The sculptor Kai Nielsen visited Kähler for the first time in 1921. This was just three years before his death. During this time, he was extremely productive, but many of his works were discarded because he was so self-critical. His ambition was to reach all people. He would rather sell his works and produce them in thousands of copies than have them exhibited in museums. So instead, he made many small figures to spread awareness of his art. And this boosted his earnings.
In collaboration with Thirslund, Nielsen started a major production of figures in 1922. These were made from old bronze moulds, which were previously used to cast bronze moulds. And the names of the figurines were just as inventive as the production method: The Sloth, Susanne in the bath, the Princess and the pea, Eva on the apple, Nina on the ball and the Globetrotter are just a few of them. The figurines became hugely popular both in Denmark and abroad. A dealer from San Francisco brought the “Princess on the Pea” home from a trip and displayed it in his store. But an American women’s organisation showed a lot of resistance to the “The Princess of the Pea” as they believed the figurine was sticking her belly out too much.
Jens Thirslund came to Kähler in 1913 at the request of an acquaintance. Despite not being qualified in the arts, he had an inherent talent for drawing. This was fueled by his love of art. Thirslund created his very own world of motifs, which he transferred to pots and tiles. And to random paper – and he often drew on wrapping paper. His motifs ranged from flowers to women, animals and ships.
The majority of Thirslund’s production was wall tiles. These patterned, primed tiles were produced extensively in the workshop. Thirslund had a great passion for ceramics, and this is what led him to explore lustre firing. He spent many nighttime hours deep in soot and smoke to explore this way of firing. This is how he came up with the black and white glaze used to decorate many of Hammershøi’s works. In addition to his work at the workshop, Thirslund also participated in many international exhibitions. He had separate exhibitions in Amsterdam and New York, but also took part in other exhibitions in Paris, Switzerland, Spain, Sweden and Belgium.
Jens Thirslund was an important person for Kähler history. In addition to his own works, he was an entrepreneur, developer and source of inspiration for many of the other artists, including Svend Hammershøi and Kai Nielsen.
Ever since Brendekilde became the first real artist to be employed, artists have joined year after year and contributed to Kähler’s DNA. Brendekilde was of great importance to the Kähler workshop not only for his designs but because he attracted a wide range of artists.
These included Svend Hammershøi, who would come to have an invaluable impact on Kähler’s workshop and its development. Today, Hammershøi’s iconic works live on in the Hammershøi series. Kähler’s current logo, HAK, which adorns all our products, was also designed by Hammershøi.

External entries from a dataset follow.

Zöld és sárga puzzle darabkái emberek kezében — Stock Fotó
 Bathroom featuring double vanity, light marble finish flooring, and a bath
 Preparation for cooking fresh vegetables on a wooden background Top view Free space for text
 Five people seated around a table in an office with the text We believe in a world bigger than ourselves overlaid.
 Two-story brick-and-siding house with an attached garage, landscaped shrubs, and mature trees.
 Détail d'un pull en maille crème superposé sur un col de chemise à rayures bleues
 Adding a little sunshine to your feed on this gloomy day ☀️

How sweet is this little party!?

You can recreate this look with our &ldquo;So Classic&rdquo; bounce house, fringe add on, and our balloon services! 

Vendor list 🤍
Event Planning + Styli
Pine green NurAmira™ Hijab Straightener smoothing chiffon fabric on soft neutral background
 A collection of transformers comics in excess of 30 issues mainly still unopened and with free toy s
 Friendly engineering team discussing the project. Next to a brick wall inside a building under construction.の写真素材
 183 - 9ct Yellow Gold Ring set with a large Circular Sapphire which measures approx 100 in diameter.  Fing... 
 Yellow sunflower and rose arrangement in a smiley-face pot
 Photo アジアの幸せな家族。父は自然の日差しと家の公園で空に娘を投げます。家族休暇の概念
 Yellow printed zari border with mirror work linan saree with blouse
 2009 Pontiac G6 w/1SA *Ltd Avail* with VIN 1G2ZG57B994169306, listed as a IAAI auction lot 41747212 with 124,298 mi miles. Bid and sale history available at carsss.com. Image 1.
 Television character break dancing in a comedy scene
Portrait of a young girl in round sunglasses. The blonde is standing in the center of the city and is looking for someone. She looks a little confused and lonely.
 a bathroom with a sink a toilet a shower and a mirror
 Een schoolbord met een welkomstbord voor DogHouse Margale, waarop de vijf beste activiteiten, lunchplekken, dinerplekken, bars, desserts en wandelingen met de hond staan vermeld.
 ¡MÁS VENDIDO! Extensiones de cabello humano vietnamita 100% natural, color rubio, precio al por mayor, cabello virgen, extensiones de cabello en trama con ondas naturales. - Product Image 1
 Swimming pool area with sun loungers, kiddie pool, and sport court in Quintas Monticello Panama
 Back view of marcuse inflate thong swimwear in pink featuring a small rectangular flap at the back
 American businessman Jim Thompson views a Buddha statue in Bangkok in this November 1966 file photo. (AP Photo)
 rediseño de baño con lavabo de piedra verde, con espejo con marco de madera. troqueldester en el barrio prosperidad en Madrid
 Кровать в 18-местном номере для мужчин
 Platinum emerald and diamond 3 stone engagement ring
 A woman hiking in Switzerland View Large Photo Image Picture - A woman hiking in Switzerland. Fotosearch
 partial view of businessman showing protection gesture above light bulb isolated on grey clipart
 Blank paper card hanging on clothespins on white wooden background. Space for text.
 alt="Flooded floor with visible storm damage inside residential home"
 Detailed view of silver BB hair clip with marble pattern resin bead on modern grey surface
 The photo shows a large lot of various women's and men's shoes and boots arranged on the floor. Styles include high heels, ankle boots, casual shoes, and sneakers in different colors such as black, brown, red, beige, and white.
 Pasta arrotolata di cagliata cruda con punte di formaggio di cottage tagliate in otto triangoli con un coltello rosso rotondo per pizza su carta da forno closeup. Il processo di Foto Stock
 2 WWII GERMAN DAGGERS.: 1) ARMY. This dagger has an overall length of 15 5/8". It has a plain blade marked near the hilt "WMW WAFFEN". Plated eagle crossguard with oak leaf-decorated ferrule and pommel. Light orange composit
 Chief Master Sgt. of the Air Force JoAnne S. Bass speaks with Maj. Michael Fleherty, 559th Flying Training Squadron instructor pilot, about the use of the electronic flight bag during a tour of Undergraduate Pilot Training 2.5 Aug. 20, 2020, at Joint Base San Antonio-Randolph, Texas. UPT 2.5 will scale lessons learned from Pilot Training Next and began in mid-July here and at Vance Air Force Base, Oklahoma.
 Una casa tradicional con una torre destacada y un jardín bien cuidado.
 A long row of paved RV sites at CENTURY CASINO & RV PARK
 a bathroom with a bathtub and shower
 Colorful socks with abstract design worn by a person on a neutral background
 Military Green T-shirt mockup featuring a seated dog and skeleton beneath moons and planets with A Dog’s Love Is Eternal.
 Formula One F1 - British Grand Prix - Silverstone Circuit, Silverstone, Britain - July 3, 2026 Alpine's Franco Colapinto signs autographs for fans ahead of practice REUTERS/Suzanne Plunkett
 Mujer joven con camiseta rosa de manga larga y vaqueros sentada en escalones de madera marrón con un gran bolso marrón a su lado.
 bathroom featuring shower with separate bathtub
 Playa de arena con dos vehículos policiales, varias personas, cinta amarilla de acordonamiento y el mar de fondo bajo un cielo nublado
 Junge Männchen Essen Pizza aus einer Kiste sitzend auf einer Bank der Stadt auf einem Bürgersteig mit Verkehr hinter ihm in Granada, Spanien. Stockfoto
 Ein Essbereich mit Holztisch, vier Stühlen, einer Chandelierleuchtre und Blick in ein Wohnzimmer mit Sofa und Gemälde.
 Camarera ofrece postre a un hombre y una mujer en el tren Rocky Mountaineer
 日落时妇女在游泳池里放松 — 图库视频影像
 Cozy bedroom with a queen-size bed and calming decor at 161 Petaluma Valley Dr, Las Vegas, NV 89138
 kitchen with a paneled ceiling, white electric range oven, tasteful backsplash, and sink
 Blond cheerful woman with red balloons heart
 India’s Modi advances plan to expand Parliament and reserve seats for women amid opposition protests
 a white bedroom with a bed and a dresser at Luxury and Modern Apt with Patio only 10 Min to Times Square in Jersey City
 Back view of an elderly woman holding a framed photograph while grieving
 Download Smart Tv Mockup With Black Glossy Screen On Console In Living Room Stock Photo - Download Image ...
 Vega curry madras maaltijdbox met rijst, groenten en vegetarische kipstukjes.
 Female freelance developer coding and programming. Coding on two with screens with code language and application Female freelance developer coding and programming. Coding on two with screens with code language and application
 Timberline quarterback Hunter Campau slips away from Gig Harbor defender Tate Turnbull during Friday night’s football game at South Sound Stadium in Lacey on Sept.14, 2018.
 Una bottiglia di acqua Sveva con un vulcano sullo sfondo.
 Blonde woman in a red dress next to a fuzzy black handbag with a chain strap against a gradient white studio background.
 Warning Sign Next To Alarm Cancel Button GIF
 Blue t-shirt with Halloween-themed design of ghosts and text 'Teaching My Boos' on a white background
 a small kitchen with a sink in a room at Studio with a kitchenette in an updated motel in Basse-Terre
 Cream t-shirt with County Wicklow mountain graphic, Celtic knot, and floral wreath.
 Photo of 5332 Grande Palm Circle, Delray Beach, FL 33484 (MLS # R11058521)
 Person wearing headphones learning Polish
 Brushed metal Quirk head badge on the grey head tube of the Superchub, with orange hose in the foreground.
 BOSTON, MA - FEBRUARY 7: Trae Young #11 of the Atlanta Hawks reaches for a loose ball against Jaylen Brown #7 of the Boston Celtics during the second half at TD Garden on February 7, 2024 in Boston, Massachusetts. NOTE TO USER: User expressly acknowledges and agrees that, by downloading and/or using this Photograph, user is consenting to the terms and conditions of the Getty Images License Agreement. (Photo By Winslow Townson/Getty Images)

Craft traditions since 1839
Every contemporary Kähler design is a tribute to Kähler’s unique history and a celebration of the well-preserved craftsmanship, and it's also an imprint of current times.
Many of our ceramic designs are still based on craft traditions that go right back to when the Kähler adventure first began. Just as the skilled women ceramic painters at the old workshop in Kählersbakken hand-decorated the ceramics using cow horns, we still paint many of the designs by hand hand-cut the finer details and work with exciting glaze techniques. It is in the meeting between the precise and elegant brush strokes and the classic ceramics that Kähler’s unique design really comes into its own with its unique handmade look.